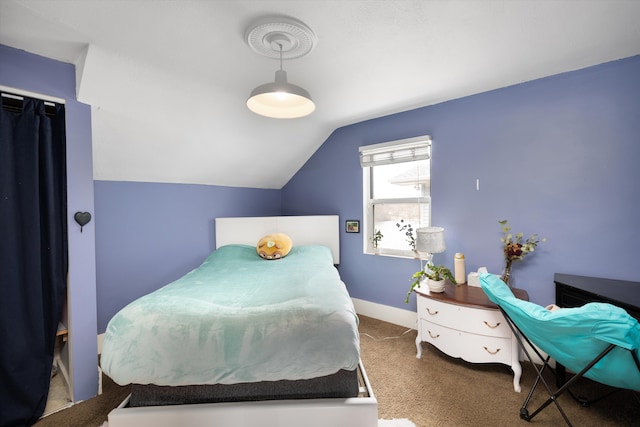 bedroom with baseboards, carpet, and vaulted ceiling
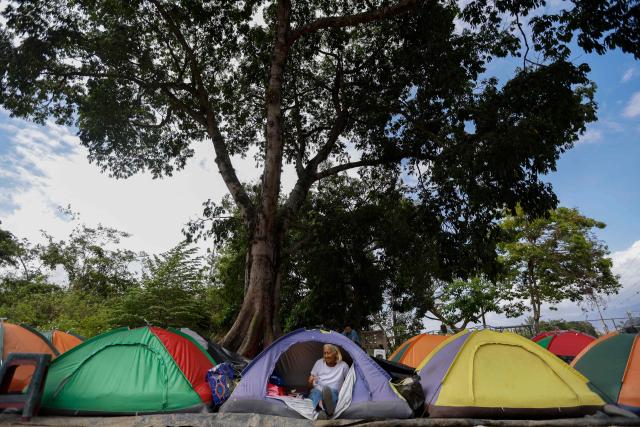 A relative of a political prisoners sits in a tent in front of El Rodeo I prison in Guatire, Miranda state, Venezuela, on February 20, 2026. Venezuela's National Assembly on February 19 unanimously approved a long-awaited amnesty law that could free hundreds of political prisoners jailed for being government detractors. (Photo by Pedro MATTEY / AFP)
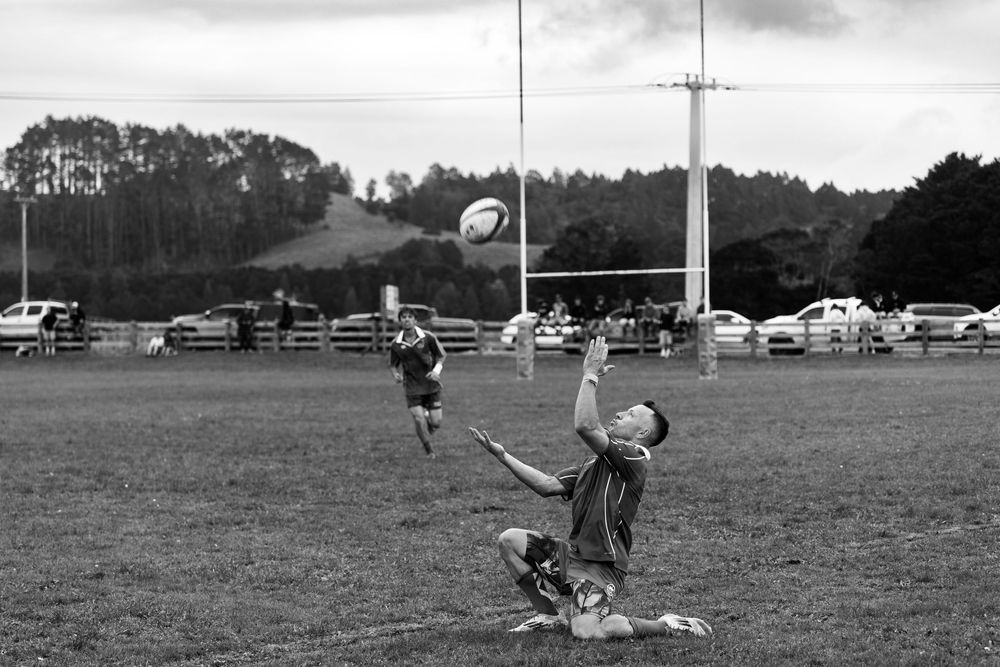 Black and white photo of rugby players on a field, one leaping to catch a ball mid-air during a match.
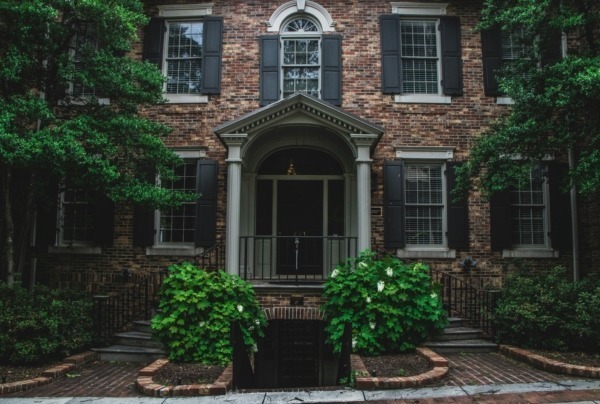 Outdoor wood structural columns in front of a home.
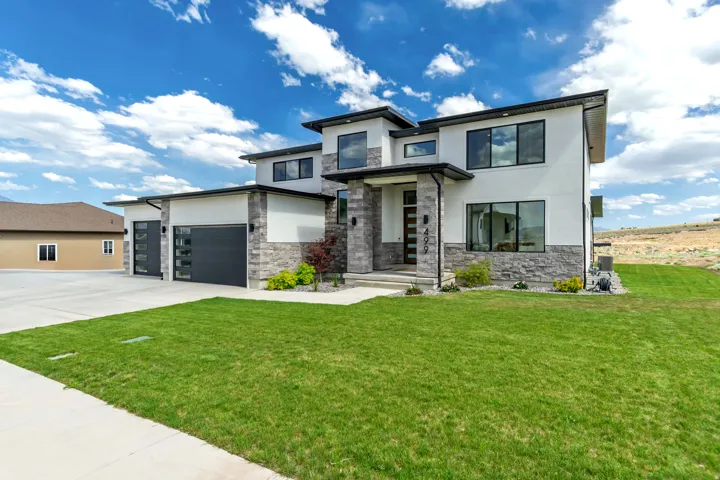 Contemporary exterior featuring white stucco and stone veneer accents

☆ ☆ ☆ ☆ ☆ ☆ ☆

* [GOAL OF THE EXERCISE]
Leaving the pictures aside, write out only the lines from the one containing "Outdoor wood structural" through the end of the material, exactly as they stand.

* [ANSWER FOR THIS EXERCISE]
 Outdoor wood structural columns in front of a home.
 Contemporary exterior featuring white stucco and stone veneer accents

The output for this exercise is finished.